ところが、本年第1四半期に4社の個別銘柄を購入し、ETFを売却することで上場株式投資残高の7割程度を個別銘柄でカバーするようになりました。四半期だけの変化で投資戦略が変わったと判断するのは早計かもしれませんが、個別銘柄を次の四半期で再度ETFに買い替えるような短期売買をするとは考えられず、これらIT・金融銘柄をしばらく継続保有していくのではないかと筆者は見ています。
もっとも、ハーバード大学エンダウメントの4兆円にもなる運用資産の内、米国上場株式(含む、ETF)に対する運用金額は900億円程度で、ポートフォリオ全体の割合で見れば2.2%しか運用していません。ETFを個別銘柄に変えたからといって、すぐに全体のリターンに大きなインパクトがあることはないでしょう。
では、一体この投資行動の変化には、どのような背景があったか類推してみましょう。
今後、数年間は「ビッグ4」の超過収益を期待か
●アップル、マイクロソフト、アルファベット(グーグル)、ビザの4社で十分?
実は、この4社の時価総額合計は約300兆円にもなります。たった4社で東証一部の時価総額(約680兆円)の半分程度にもなるほどの巨大企業です。確かに、ETFの分散投資で市場全体をカバーすることはできますが、それではインデックス以上の超過収益を得られませんから、近年パフォーマンスの悪化に悩む同エンダウメントとしては、ETF投資は悩みの種だったのかもしれません。
もし、これら4社で超過収益を獲得できる可能性があり、ある程度、業種分散も効くのであれば、ETFで運用する必要はありません。IT産業は米国の命運を左右する産業ですし、従来の銀行・証券とは異なる、金融決済機能とデータを牛耳っているクレジットカード会社は異質の金融業ですので、成長性も期待できます(実際、アップル・ペイもクレジットカード等を持ってなければ無用の長物です)。
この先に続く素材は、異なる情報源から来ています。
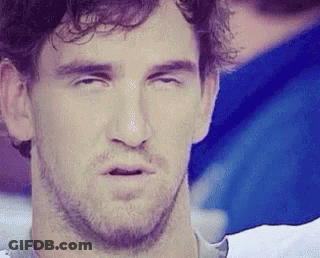 A Man With A Beard Is Making A Funny Face With His Eyes Closed And His Mouth Open . GIF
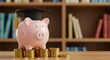 © Pambudi - A pink piggy bank wearing a graduation cap sits on a pile of coins in a library, symbolizing education savings, financial planning, and student investment for the future.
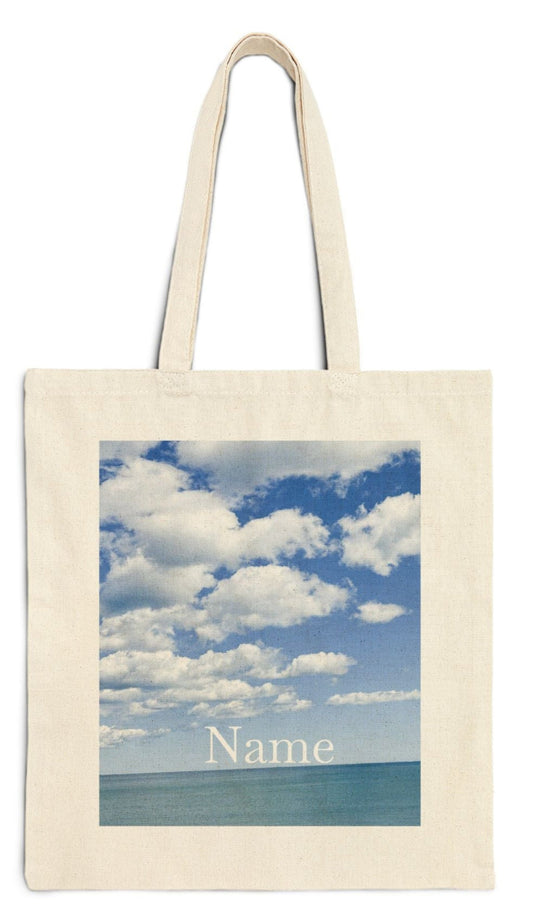 personalized bridesmaid tote bag in natural color cotton canvas seaside bright clouds design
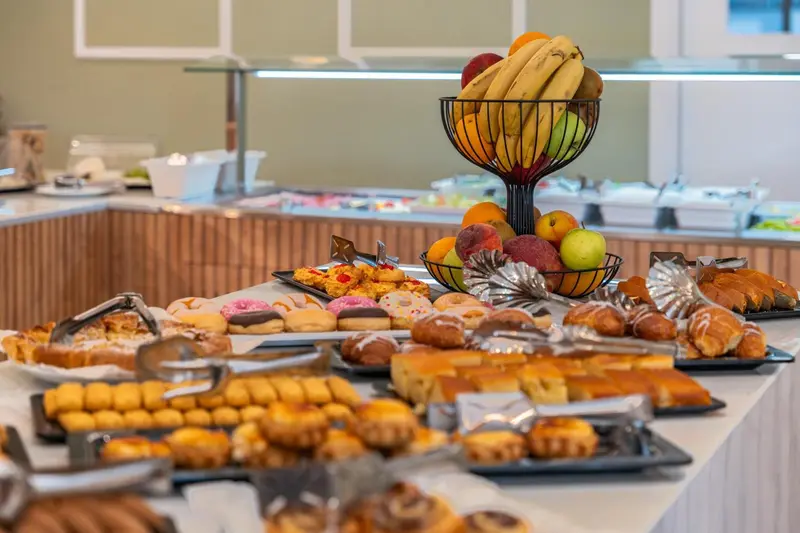 Un buffet propose une variété de pâtisseries et de fruits frais.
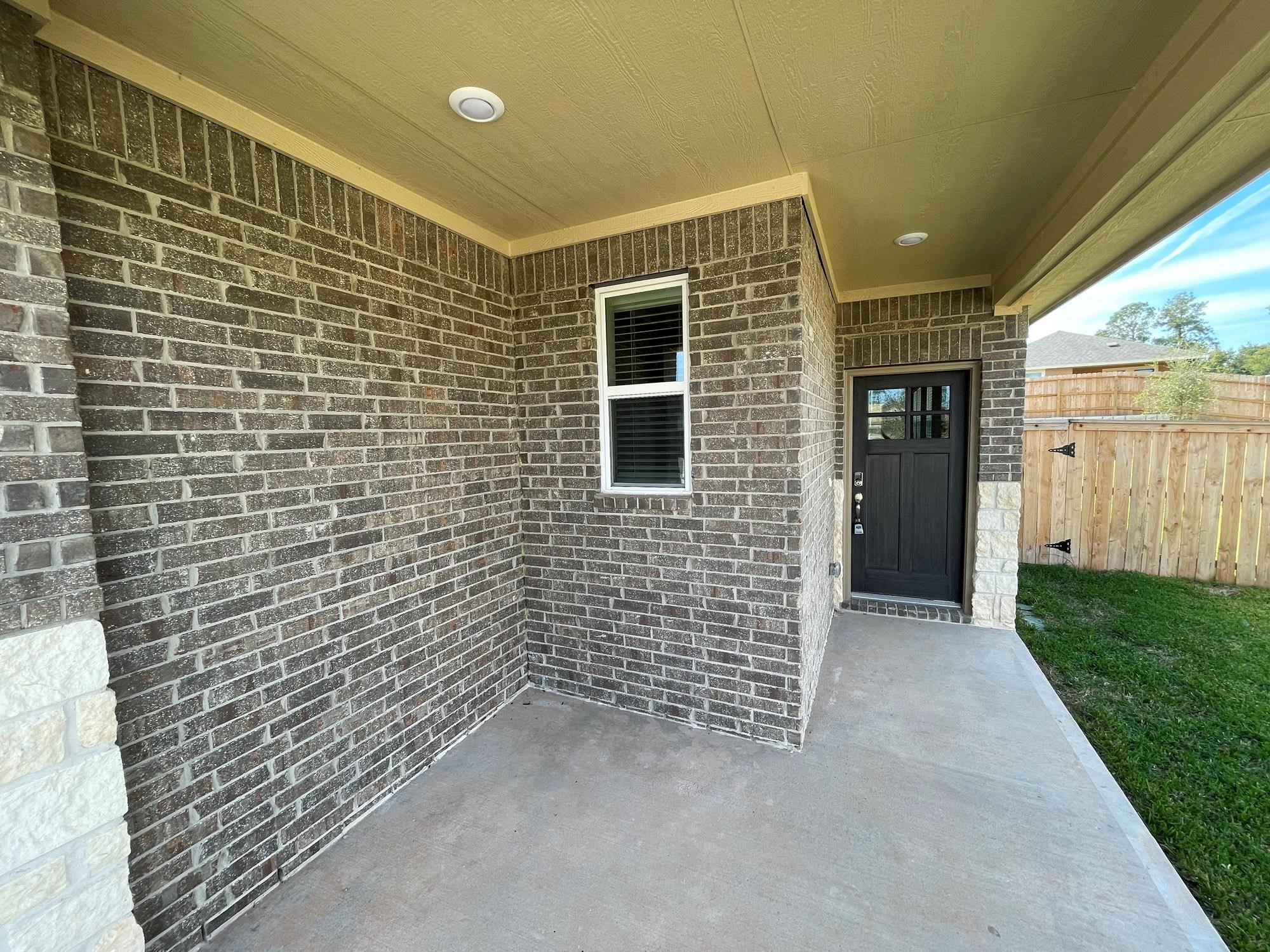 2035 Myrtle Oak Street Conroe, TX 77304 - Photo 4 of 20 a view of a brick house with many windows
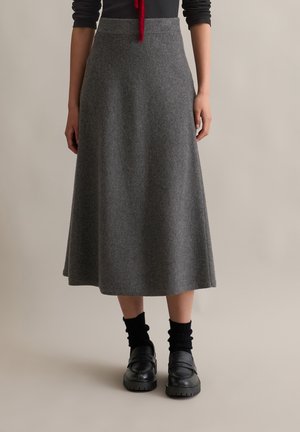 Grauer Woll-Midirock mit glatter Textur, ausgestellter Form und hohem Taillenbund, kombiniert mit schwarzen Slippern und gerippten schwarzen Socken.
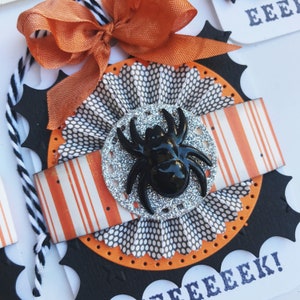 May include: A black and orange Halloween card with a spider on a silver glitter circle. The card has a scalloped edge and says "Eeek!" in white letters.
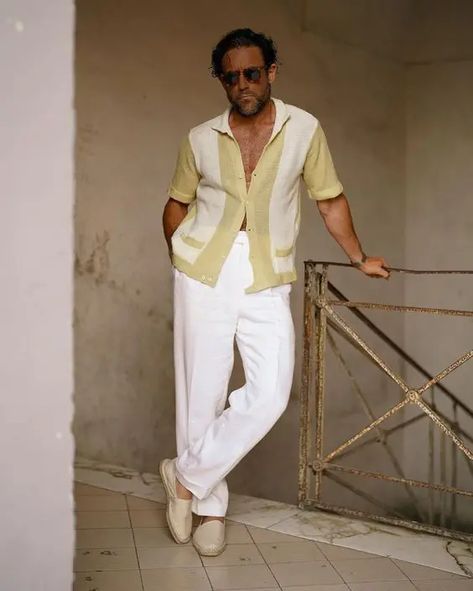 a catchy and chic beach wedding guest outfit with a printed yellow shirt, white trousers and neutral loafers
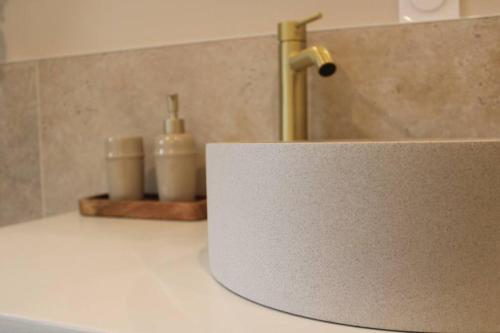 - un évier avec un robinet et 2 bouteilles sur un comptoir dans l'établissement La Cachette du Bonheur, à Cély-en-Bière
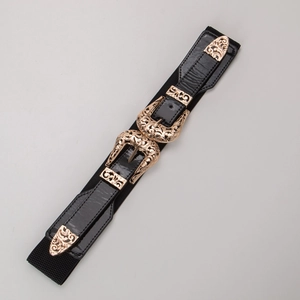 Vintage black wide elastic waist belt for women with double ornate gold floral buckles
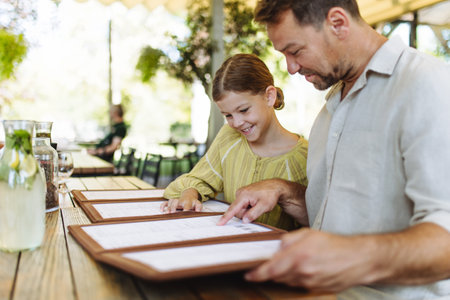 Father and daughter reading menus in a restaurant, choosing food and drinks.の写真素材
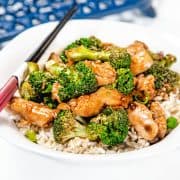 A chicken and Broccoli stir fry piled high on a white plate with chop sticks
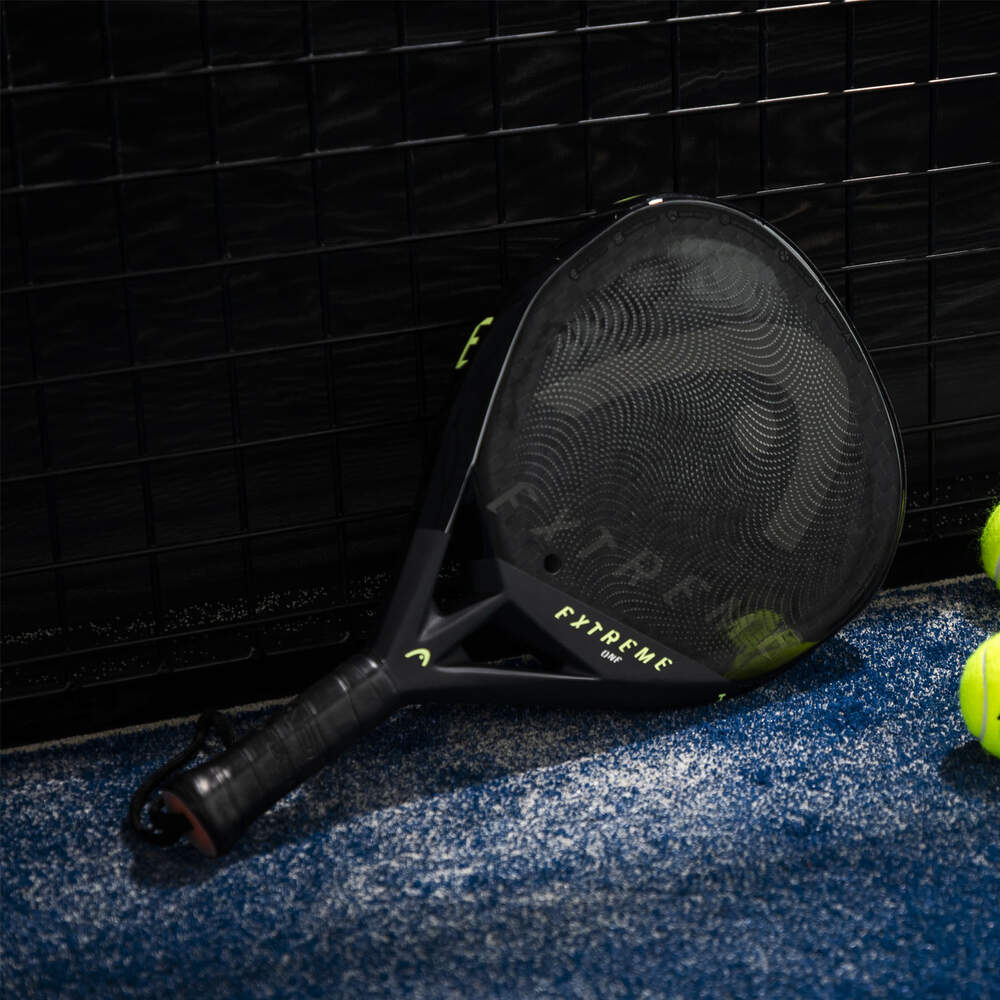 Una racchetta da padel nera con accenti verdi poggia su una superficie blu con palline da tennis nelle vicinanze, su uno sfondo scuro.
推測の域を出ませんが、同エンダウメントの米国上場株式に関しては、パッシブ運用から超大型株アクティブ運用に変更して、今後数年間はこのビッグ4に超過収益を期待していると思います。つまり、まだこの4社には成長余地があると見ているわけです。
もしそうなら思い切った方針転換ですが、ハーバード大学エンダウメント自体、その運用責任者(CIO)を頻繁に交代させてきた過去があります。今回の変更も、CIO交代に伴う一過性のものなのか、それとも長期的なスタンスなのかは注視していきたいですね。